What is needed
Restrict the output to the lines below starting at the one that contains "dpiu - Volantino" and ending at the one that contains "Ravensburger Twilight - New", and restate them word for word, both ends included.

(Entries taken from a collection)
────────
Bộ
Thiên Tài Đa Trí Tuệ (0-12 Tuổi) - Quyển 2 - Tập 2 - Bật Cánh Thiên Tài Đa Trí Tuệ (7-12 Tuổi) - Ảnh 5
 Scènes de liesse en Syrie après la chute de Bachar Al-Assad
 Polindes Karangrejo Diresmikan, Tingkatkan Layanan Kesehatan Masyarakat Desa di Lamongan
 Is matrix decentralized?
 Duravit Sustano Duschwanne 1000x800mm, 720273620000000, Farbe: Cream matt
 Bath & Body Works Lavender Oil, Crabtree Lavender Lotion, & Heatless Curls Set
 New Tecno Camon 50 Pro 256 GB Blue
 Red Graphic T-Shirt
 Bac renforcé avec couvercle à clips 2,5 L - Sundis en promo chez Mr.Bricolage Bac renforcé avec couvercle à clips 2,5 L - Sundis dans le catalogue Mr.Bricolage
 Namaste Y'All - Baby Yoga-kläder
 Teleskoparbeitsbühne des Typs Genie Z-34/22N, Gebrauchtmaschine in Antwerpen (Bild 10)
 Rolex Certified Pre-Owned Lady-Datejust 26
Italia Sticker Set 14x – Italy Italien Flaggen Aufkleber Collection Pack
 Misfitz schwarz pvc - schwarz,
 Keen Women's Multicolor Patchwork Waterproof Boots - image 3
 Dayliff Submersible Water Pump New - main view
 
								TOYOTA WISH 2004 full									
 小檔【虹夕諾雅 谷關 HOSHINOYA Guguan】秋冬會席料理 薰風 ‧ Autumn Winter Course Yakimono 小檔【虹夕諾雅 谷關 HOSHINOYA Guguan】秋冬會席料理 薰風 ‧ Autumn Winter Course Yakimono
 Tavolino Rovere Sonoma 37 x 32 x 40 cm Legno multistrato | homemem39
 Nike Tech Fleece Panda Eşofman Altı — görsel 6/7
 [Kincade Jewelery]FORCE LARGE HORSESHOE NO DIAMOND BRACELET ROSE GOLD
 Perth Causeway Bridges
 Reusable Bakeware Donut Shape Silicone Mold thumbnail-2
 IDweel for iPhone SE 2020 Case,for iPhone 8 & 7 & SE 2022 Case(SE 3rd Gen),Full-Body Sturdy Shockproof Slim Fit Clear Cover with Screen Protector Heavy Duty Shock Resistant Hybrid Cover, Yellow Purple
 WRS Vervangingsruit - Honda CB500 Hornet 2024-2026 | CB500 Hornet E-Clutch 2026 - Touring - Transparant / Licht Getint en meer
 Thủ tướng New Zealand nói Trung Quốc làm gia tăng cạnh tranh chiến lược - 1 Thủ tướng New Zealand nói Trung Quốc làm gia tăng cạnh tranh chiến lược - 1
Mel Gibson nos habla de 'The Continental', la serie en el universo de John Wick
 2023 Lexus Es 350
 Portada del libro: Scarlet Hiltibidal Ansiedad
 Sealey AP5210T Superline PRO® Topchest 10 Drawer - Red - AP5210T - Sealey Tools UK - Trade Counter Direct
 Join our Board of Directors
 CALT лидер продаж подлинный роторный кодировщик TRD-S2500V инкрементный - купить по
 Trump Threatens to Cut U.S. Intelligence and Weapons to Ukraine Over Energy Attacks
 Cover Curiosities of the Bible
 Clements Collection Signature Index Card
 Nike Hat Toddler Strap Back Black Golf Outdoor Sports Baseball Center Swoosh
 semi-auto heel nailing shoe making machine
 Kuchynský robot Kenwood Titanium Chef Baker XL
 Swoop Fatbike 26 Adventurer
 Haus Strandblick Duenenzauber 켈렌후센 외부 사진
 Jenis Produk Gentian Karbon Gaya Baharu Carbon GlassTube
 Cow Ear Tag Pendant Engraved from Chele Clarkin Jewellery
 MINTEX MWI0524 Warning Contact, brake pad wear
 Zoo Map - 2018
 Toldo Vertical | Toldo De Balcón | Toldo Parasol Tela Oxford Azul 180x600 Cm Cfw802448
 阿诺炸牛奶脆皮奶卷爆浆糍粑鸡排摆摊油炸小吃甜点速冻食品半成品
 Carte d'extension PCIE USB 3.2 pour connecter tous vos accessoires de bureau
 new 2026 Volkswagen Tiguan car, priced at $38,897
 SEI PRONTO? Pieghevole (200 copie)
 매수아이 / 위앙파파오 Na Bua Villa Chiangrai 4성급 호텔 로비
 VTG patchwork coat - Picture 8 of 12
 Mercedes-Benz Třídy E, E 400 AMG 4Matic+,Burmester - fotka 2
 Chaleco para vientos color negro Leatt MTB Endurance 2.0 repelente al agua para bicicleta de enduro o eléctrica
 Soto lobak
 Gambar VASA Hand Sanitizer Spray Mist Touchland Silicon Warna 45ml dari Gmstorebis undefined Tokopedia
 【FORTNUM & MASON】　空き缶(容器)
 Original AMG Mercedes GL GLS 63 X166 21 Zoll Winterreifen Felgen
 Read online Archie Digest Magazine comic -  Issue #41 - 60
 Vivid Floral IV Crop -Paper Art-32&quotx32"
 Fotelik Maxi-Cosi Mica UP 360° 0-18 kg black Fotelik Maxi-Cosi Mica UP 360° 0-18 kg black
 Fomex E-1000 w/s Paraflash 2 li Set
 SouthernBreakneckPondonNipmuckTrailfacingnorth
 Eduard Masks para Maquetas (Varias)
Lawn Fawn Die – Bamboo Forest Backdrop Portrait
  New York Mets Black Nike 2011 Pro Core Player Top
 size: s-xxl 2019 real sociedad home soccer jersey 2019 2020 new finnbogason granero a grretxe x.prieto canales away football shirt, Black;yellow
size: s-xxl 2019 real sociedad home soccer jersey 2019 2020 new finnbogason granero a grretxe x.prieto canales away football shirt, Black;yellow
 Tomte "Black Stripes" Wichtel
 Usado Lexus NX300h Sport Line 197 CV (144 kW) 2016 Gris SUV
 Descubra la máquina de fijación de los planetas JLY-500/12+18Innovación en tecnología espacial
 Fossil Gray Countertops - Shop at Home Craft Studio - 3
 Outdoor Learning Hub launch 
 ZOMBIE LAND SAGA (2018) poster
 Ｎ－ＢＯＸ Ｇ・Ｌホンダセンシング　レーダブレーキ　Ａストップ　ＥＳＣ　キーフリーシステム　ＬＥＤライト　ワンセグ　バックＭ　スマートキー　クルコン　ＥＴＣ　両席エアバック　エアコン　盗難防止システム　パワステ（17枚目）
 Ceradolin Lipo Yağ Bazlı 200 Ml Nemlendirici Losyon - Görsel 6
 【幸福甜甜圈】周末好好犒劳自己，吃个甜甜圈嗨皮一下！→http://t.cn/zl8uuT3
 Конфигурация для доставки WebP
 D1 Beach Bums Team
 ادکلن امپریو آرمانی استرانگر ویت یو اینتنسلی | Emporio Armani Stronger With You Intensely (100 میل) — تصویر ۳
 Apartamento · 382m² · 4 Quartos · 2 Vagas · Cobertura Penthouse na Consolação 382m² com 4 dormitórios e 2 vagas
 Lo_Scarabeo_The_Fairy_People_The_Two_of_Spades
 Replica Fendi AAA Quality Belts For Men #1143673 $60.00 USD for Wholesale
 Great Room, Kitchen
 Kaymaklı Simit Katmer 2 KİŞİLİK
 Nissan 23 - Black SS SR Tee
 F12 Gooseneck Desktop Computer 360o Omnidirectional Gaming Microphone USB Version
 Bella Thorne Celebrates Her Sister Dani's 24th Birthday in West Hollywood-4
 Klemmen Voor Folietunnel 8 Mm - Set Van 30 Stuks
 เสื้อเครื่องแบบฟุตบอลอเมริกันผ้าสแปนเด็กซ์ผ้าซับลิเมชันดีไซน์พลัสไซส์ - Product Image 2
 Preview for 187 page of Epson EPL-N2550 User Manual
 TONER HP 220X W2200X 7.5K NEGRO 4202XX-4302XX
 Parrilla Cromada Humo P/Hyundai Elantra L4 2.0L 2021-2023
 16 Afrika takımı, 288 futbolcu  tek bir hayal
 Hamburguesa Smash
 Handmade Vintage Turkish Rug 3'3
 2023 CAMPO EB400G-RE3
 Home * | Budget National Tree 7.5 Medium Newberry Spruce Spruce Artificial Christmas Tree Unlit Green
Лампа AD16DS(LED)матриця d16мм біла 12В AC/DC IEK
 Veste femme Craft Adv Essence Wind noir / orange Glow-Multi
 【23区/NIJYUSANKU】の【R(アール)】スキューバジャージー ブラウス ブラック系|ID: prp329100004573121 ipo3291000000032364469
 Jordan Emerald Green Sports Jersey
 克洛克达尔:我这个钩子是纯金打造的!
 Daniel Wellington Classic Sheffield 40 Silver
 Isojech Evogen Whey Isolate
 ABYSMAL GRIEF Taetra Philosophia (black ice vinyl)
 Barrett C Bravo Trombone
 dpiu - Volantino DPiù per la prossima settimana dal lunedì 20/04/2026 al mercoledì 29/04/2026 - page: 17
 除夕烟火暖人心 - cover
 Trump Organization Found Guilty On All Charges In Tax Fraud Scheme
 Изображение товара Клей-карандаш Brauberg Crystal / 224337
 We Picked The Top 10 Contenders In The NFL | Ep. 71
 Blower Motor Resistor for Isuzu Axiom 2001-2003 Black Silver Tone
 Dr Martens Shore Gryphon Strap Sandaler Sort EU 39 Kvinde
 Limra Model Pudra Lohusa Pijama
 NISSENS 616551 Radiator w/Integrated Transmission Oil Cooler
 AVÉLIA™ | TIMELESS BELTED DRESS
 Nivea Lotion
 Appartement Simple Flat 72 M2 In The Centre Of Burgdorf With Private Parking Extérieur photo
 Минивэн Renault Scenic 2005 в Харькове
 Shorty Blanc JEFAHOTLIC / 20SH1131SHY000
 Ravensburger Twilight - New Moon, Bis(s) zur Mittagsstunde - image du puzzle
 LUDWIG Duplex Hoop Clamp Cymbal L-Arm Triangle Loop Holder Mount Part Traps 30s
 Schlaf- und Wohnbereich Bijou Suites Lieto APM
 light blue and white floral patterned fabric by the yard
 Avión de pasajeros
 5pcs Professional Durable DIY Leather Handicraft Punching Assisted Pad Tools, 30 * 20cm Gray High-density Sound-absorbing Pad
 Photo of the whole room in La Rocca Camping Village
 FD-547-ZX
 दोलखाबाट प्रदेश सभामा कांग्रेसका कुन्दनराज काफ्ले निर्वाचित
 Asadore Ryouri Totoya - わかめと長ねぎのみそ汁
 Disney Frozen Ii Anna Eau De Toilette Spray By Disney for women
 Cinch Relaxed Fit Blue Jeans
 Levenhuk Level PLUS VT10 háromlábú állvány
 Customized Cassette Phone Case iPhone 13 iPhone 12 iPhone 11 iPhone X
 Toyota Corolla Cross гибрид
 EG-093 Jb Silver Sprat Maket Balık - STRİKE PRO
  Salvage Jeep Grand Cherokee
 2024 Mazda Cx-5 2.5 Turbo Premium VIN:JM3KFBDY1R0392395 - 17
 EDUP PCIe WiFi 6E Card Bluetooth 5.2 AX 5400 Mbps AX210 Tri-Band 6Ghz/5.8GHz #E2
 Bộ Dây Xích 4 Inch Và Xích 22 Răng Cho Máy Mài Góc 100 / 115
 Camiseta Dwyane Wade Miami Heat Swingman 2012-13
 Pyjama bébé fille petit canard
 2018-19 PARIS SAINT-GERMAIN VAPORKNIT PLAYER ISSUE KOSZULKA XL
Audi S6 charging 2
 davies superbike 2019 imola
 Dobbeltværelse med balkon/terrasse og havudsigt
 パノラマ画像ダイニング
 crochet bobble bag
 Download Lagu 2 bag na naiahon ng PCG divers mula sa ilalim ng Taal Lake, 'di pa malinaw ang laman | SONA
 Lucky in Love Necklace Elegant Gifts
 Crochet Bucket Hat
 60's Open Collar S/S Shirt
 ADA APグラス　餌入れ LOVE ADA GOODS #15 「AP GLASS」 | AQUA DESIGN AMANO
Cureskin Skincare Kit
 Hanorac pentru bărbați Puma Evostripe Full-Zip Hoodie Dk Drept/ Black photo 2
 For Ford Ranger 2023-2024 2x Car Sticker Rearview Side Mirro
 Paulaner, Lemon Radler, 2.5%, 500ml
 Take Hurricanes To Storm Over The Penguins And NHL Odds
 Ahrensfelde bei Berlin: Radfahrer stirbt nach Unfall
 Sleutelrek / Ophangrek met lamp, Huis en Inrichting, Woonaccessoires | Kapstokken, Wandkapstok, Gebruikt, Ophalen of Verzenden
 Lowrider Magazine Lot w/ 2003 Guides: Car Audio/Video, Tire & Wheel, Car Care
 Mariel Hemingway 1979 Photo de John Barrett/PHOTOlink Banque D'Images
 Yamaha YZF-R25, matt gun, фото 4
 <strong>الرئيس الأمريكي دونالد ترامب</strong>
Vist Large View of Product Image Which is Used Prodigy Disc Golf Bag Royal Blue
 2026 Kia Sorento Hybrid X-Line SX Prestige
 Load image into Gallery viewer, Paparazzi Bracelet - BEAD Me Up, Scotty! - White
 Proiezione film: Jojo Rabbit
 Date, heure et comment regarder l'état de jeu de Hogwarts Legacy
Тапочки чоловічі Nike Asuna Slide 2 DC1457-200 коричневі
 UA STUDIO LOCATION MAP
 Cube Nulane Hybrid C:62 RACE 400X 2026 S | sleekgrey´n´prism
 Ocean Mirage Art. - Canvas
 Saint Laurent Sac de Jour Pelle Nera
────────
Result of the task
 dpiu - Volantino DPiù per la prossima settimana dal lunedì 20/04/2026 al mercoledì 29/04/2026 - page: 17
 除夕烟火暖人心 - cover
 Trump Organization Found Guilty On All Charges In Tax Fraud Scheme
 Изображение товара Клей-карандаш Brauberg Crystal / 224337
 We Picked The Top 10 Contenders In The NFL | Ep. 71
 Blower Motor Resistor for Isuzu Axiom 2001-2003 Black Silver Tone
 Dr Martens Shore Gryphon Strap Sandaler Sort EU 39 Kvinde
 Limra Model Pudra Lohusa Pijama
 NISSENS 616551 Radiator w/Integrated Transmission Oil Cooler
 AVÉLIA™ | TIMELESS BELTED DRESS
 Nivea Lotion
 Appartement Simple Flat 72 M2 In The Centre Of Burgdorf With Private Parking Extérieur photo
 Минивэн Renault Scenic 2005 в Харькове
 Shorty Blanc JEFAHOTLIC / 20SH1131SHY000
 Ravensburger Twilight - New Moon, Bis(s) zur Mittagsstunde - image du puzzle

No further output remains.